Slashdot Mirror


Organizing and Analyzing Mounds of Research Text?

Andrew Green asks: "Four years ago, I stopped working on my Master's thesis in Social Anthropology. Now, I'm getting back to it again, and I find there's a _lot_ of text to deal with. I have a 350-page field diary, a dozen transcripts of recorded interviews, lists of books and articles, extensive notes about the books and articles, and the books and articles themselves in dead-tree or electronic format. I want to organize _all_ of it. I need to keep track of all the different text files on my computer (most are in MS formats, though I now use GNU/Linux), which ideally means keeping personalized sets of metadata about each file, linking files to other files and to entries in bibliography lists, and having some sort of version control. I'd also like to be able to do a free-text search on all texts on my local hard drive. And, most important of all, I need to build a hierarchical list of topics that are relevant to my thesis and relate specific sections of all these texts (not just whole files) to different topics. Any ideas? I know there are proprietary solutions out there, but I don't want to use them. What free applications can best deal with some or all of my needs? Would I be better off building something myself?"

8 of 28 comments (clear)

  1. the open source app for your needs: by Tumbleweed · · Score: 3, Funny

    pico

  2. Dude. by dynoman7 · · Score: 3, Insightful

    Four years ago, I stopped working on my Master's thesis in Social Anthropology. Now, I'm getting back to it again, and I find there's a _lot_ of text to deal with. I have a 350-page field diary, a dozen transcripts of recorded interviews, lists of books and articles, extensive notes about the books and articles, and the books and articles themselves in dead-tree or electronic format. I want to organize _all_ of it. I need to keep track of all the different text files on my computer (most are in MS formats, though I now use GNU/Linux), which ideally means keeping personalized sets of metadata about each file, linking files to other files and to entries in bibliography lists, and having some sort of version control.

    Dude. Quit procrastinating and write the damn thing...your teachers have no clue who you are and it will be a surprise when you dump said "thesis" on their desks.

    --
    Blarf.
    1. Re:Dude. by tengwar · · Score: 3, Insightful
      'Fraid I've got to agree with parent. If you know the stuff, a paper index is enough. If you don't, you've just got to read it until you've internalised it before you can draw any vaild conclusions.

      If you insist on linking the documents, use plain hand-written HTML - I've done it before while getting in to a subject, but don't expect to need it after the first couple of weeks.

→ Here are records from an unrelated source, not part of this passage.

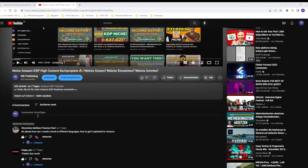Under one of my latest videos, I saw a very interesting comment. The topic was how you can create a book in different languages and how to get those books up on Amazon through Amazon KDP, so publishing on different marketplaces.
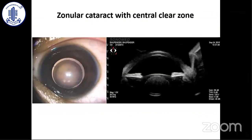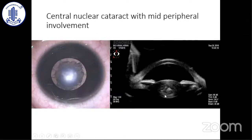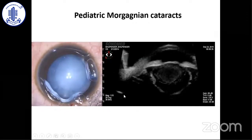I'll show some UBM findings. This is a typical zonular cataract — the central part is clear, picked up on UBM as well. This one has central calcification, easily identified on UBM. This one doesn't look like a zonular cataract but on UBM the entire volume of the lens is intact — so this is not an absorbed cataract yet. Whereas this patient has a Morgagnian cataract, actually floating in the front, with the entire nucleus floating around.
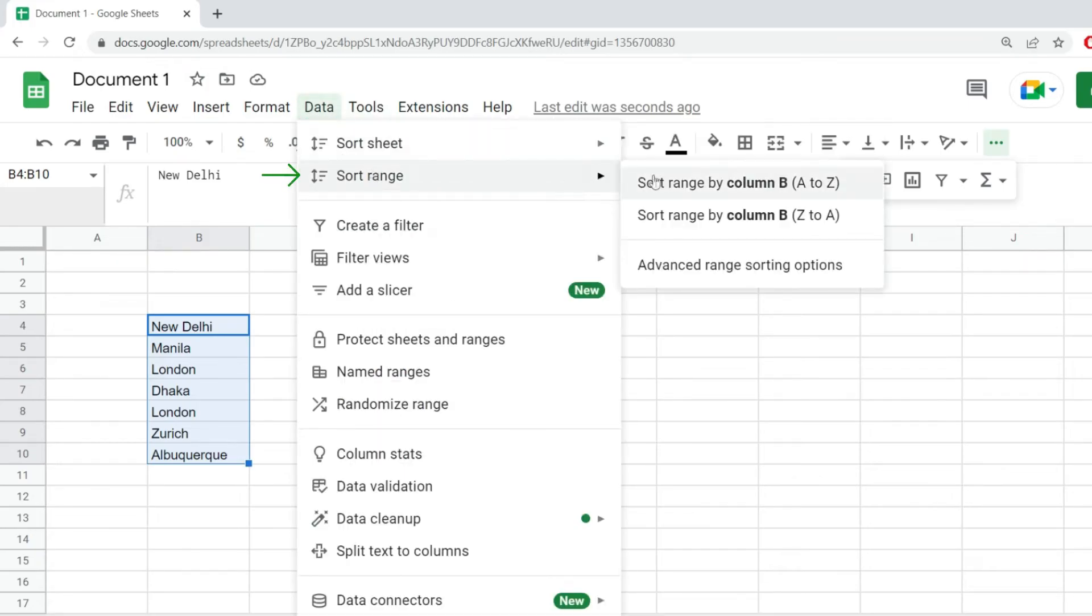I'm going to click on it and from over here, I'm going to pick sort range by column B, A to Z. And this is going to take the values in column B and sort them from A to Z alphabetically.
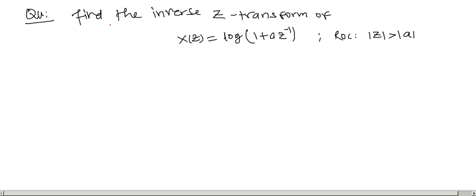In this question, we are asked to find the inverse z-transform of X(z) = log(1 + az⁻¹), where the ROC is |z| > |a|. Let us solve this problem.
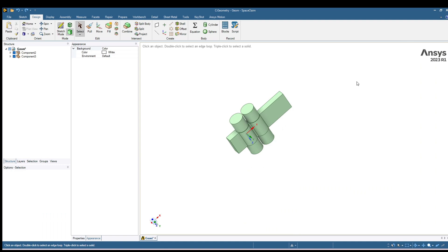Hello everyone. Welcome back to my YouTube channel. In today's video I am going to show you how we can create 2D geometry from a 3D geometry.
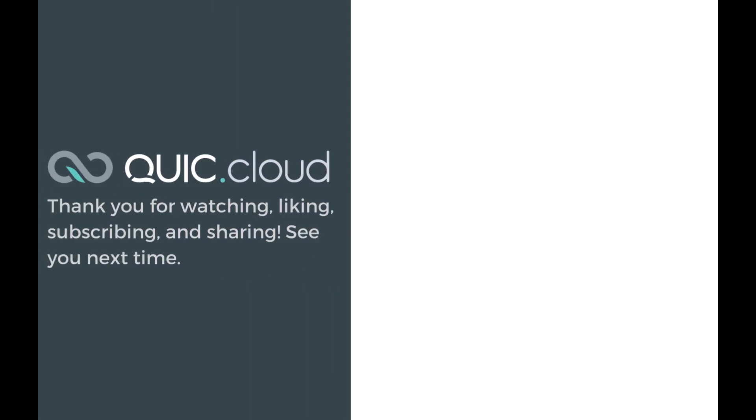Congratulations! You have successfully set up QUIC.cloud CDN and QUIC.cloud DNS for your GoDaddy hosted WordPress site. If you have any questions about anything you've seen in this video, take a look at the links in the description. For more on this and other QUIC.cloud topics, please see our documentation at quic.cloud/docs. Thank you for watching, liking, subscribing, and sharing. See you next time.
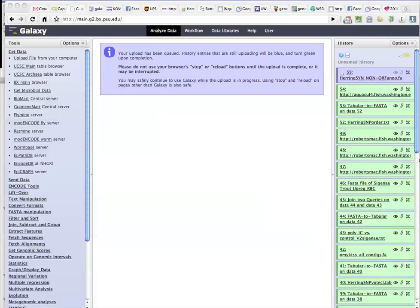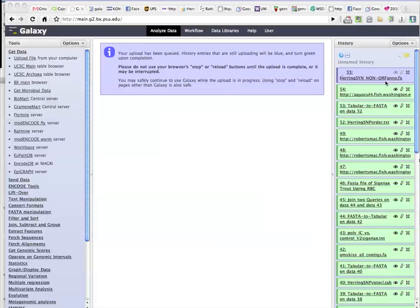The first step being you take the FASTA file of the consensus that was used for the mapping and the SNP detection. See here I'm going to upload it, and then convert it to a tab delimited file. So we'll have the sequence name and the actual sequence, and then go ahead and upload a second file.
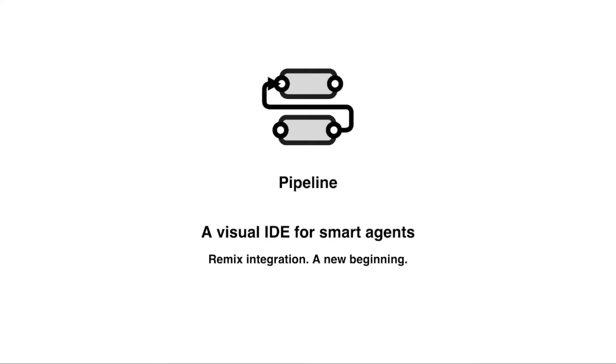Hello, I'm Lora Dana and today I'll present you the new Pipeline Remix integration. Pipeline is a visual editor for smart agents.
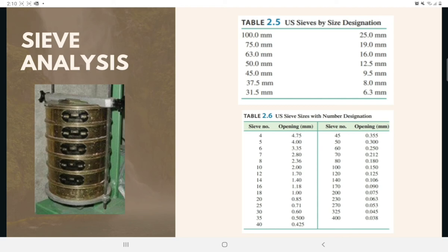The sieves used for soil analysis are generally 203 mm or 8 inches in diameter. To conduct a sieve analysis, one must first oven dry the soil and break all lumps into small particles. The soil is then shaken through a stack of sieves with openings of decreasing size from top to bottom, with a pan placed below the stack. After shaking, the mass of soil retained on each sieve is determined.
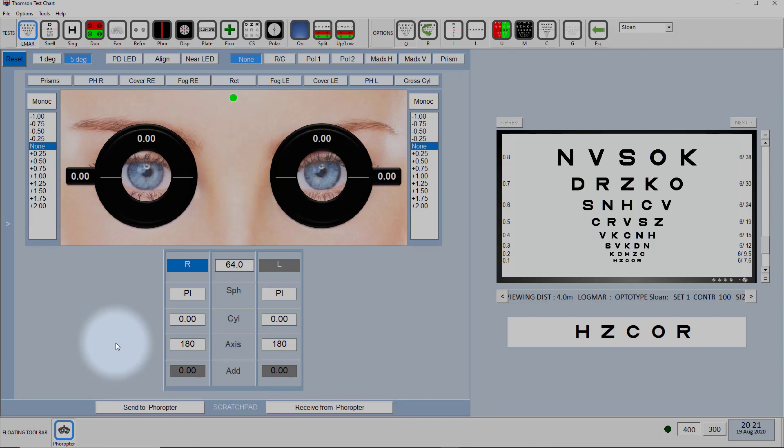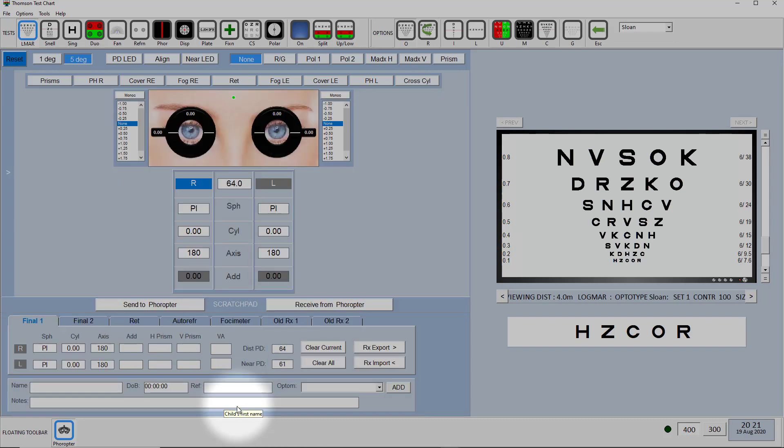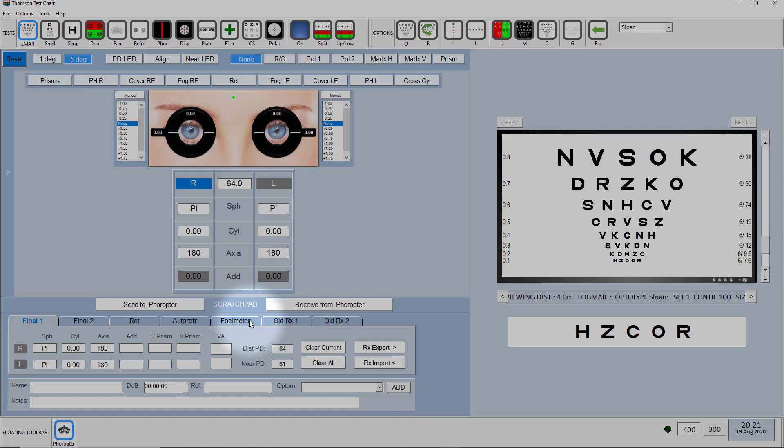Now to access the scratch pad you just click on scratch pad at the bottom here. It will then expand and essentially the scratch pad is seven memories of the patient's prescription and they're labeled old RX 1 and 2, phoropter, autorefractor, retinoscopy and two final prescriptions.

  3. wait, FREE solutions? by Anonymous Coward · · Score: 3, Informative

    well, one I've played with is:

    DEVONthink

    It's really cool and great for exactly what you describe: storing a bunch of loosely-connected information that you need to search and cluster into categories.

    You just add your text and it will automatically classify it using semantic analysis.

    But alas, it is for Mac only and is not Free.

    If anybody knows about anything like this for Linux, and Free, I'd love to hear about it....

  4. InfoSelect by falsification · · Score: 3, Funny
    As an advocate of free software wherever possible, I can confidently recommend that you format your hard drive, install Windows, and then install InfoSelect. You will thank me later.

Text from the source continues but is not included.